## Records
┌──
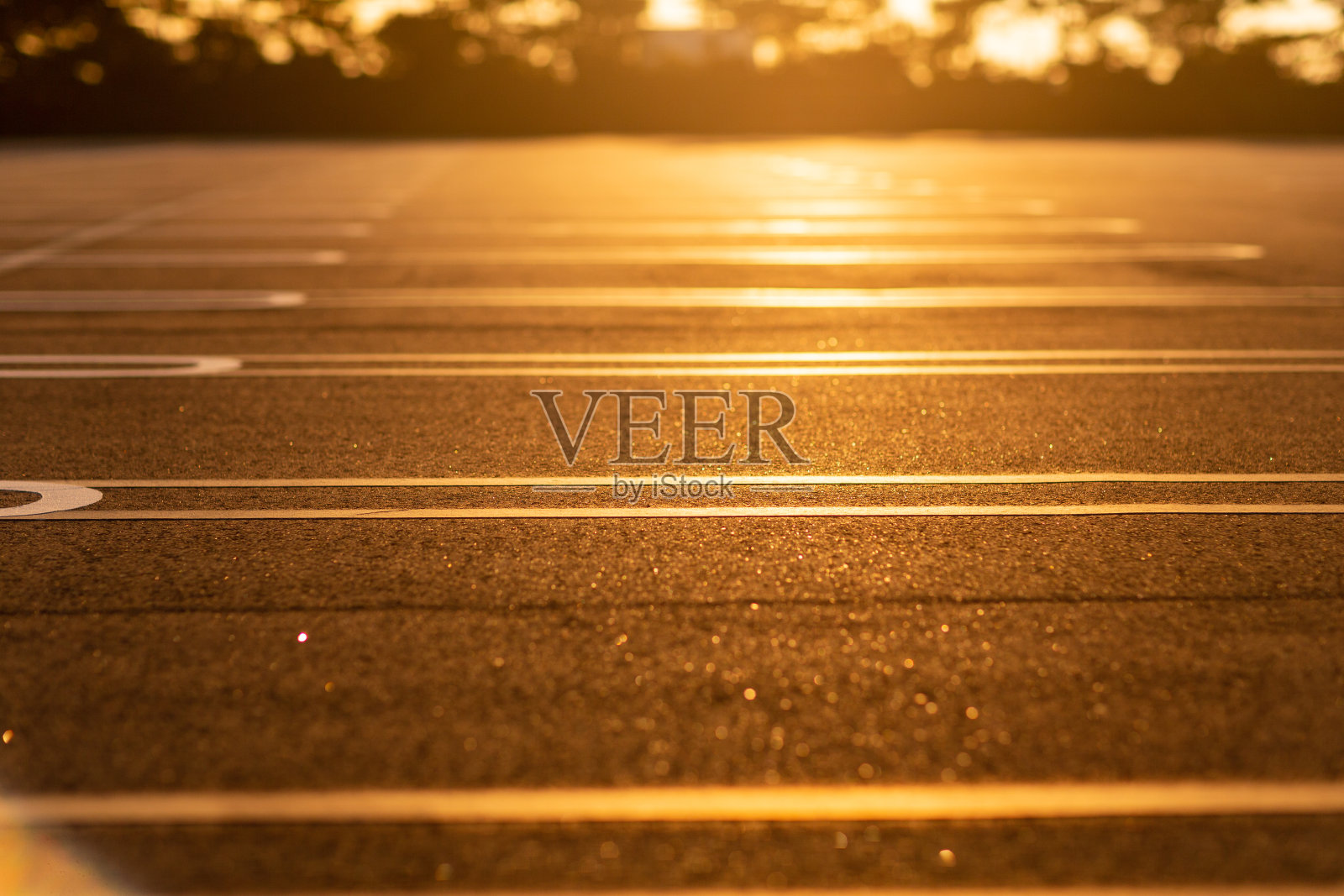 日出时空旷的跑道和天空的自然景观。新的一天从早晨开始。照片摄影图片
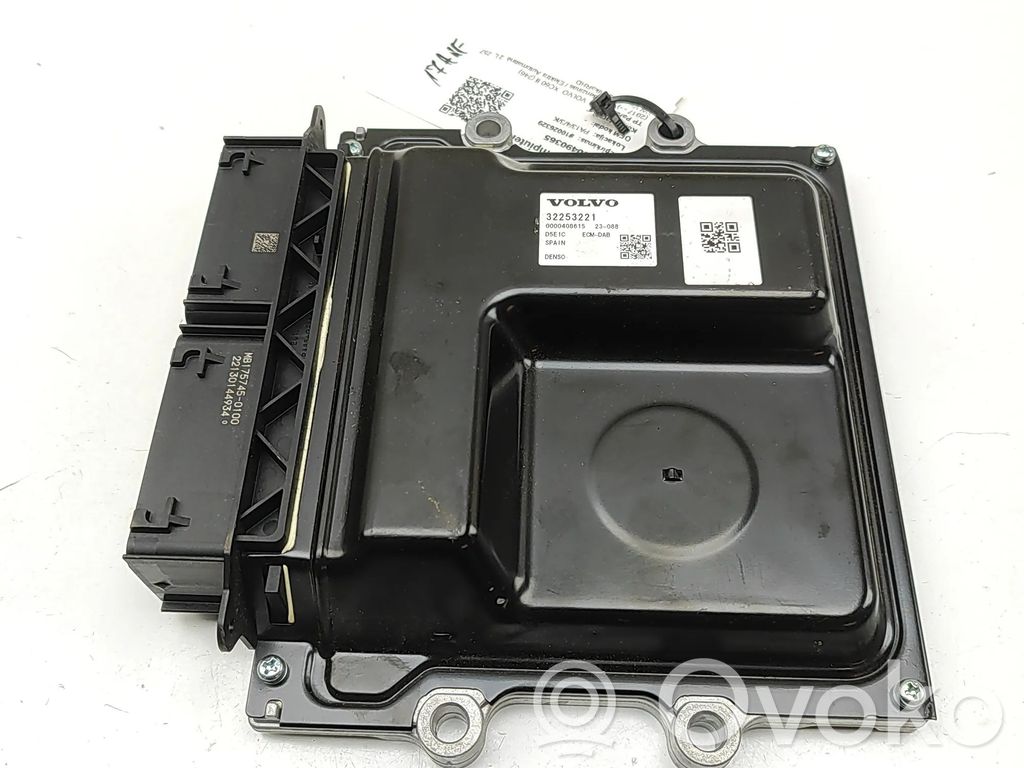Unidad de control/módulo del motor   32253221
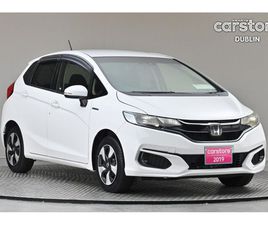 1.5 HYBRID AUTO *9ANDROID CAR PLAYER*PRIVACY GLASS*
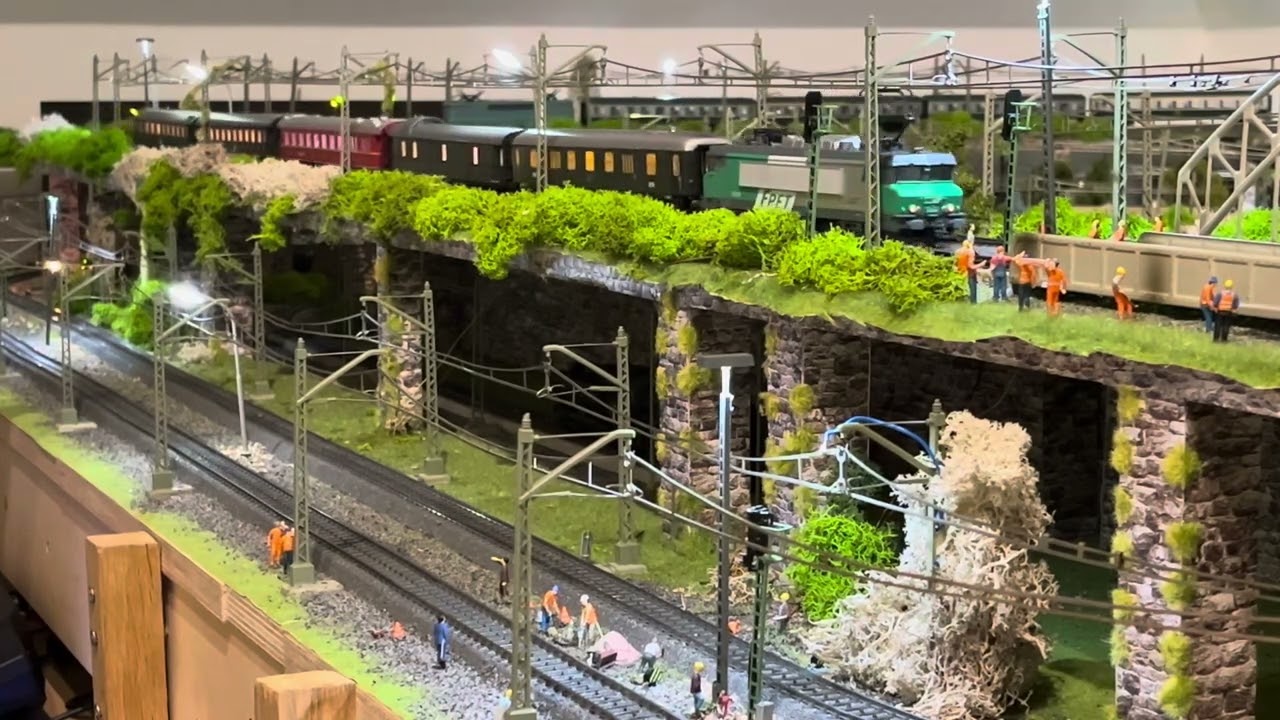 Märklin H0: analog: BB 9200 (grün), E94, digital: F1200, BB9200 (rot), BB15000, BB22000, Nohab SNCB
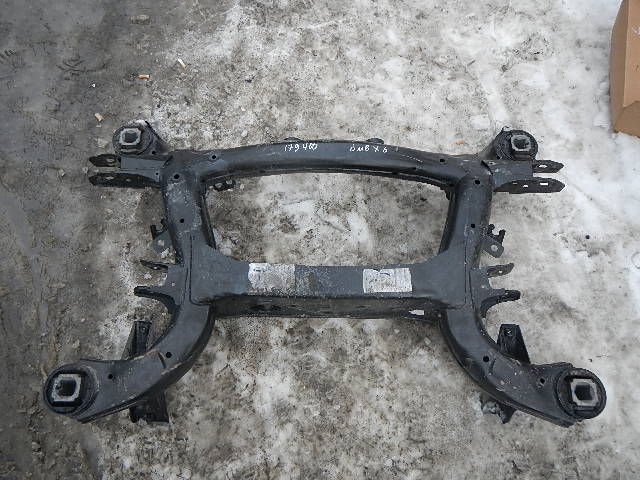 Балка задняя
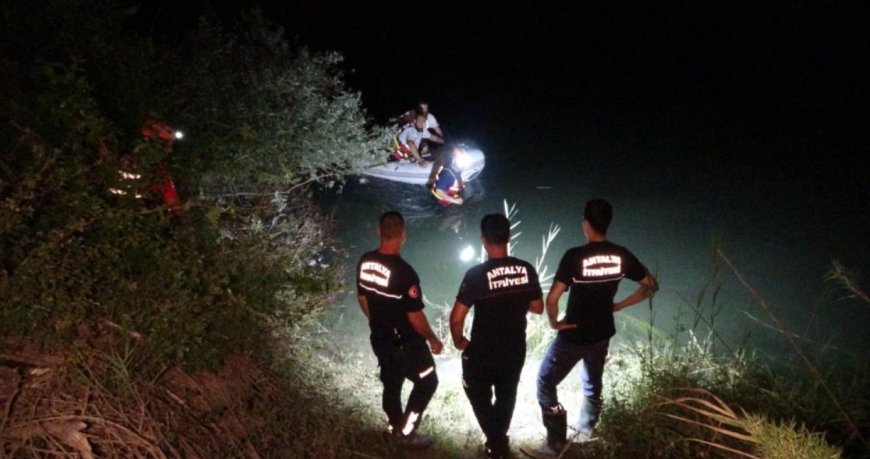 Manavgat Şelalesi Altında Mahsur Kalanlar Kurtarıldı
└──
┌──
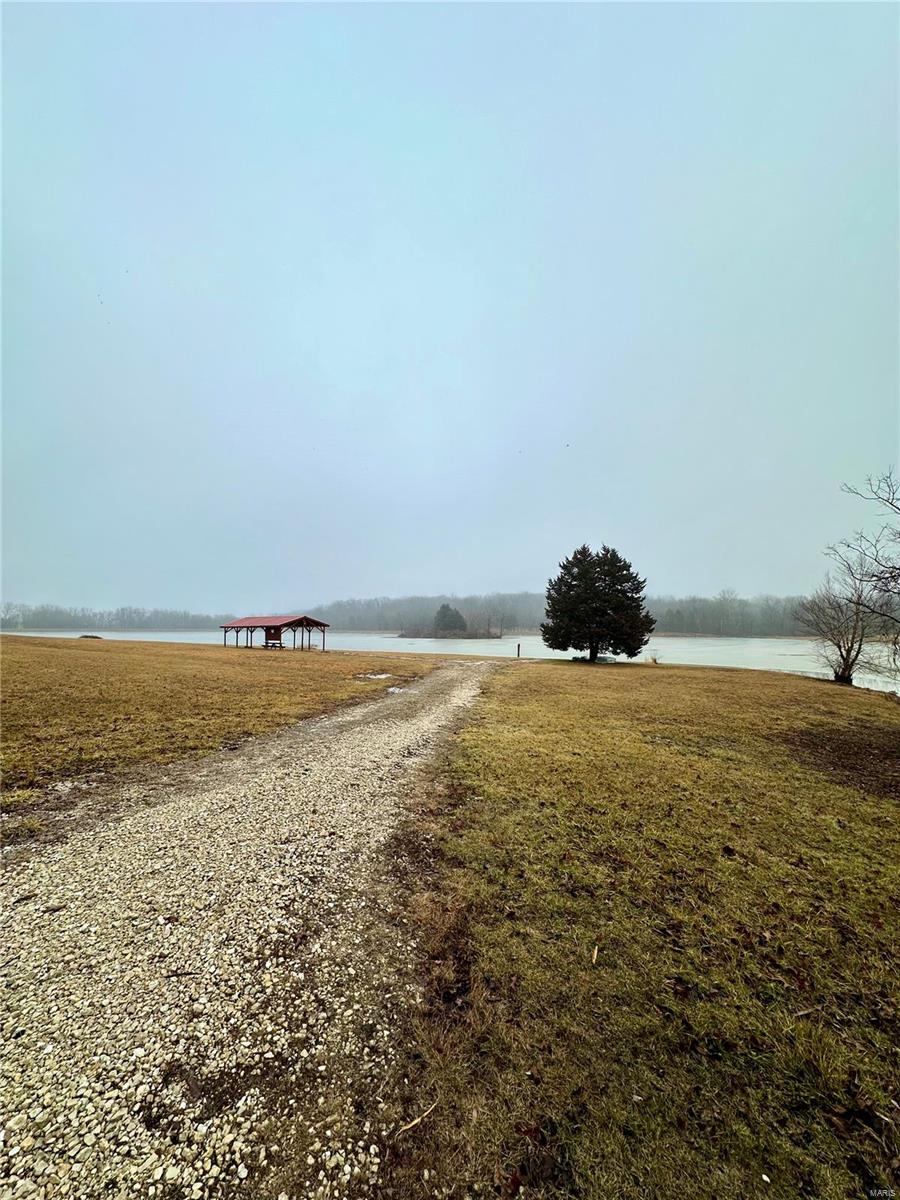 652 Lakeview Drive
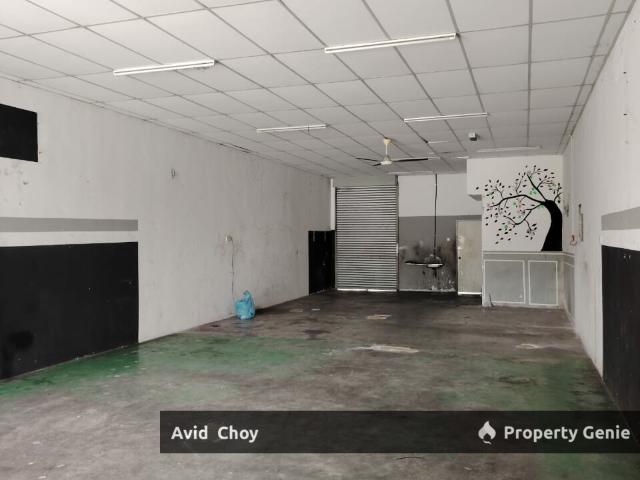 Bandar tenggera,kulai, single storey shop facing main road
└──
## Required work
Starting with the line that has "日出时空旷的跑道和天空的自然景观。新的一天从早晨开始。照片摄影图片" and ending with the line that has "Manavgat Şelalesi Altında", repeat the lines above exactly, omitting every picture.

## Solution to this problem
 日出时空旷的跑道和天空的自然景观。新的一天从早晨开始。照片摄影图片
Unidad de control/módulo del motor   32253221
 1.5 HYBRID AUTO *9ANDROID CAR PLAYER*PRIVACY GLASS*
 Märklin H0: analog: BB 9200 (grün), E94, digital: F1200, BB9200 (rot), BB15000, BB22000, Nohab SNCB
 Балка задняя
 Manavgat Şelalesi Altında Mahsur Kalanlar Kurtarıldı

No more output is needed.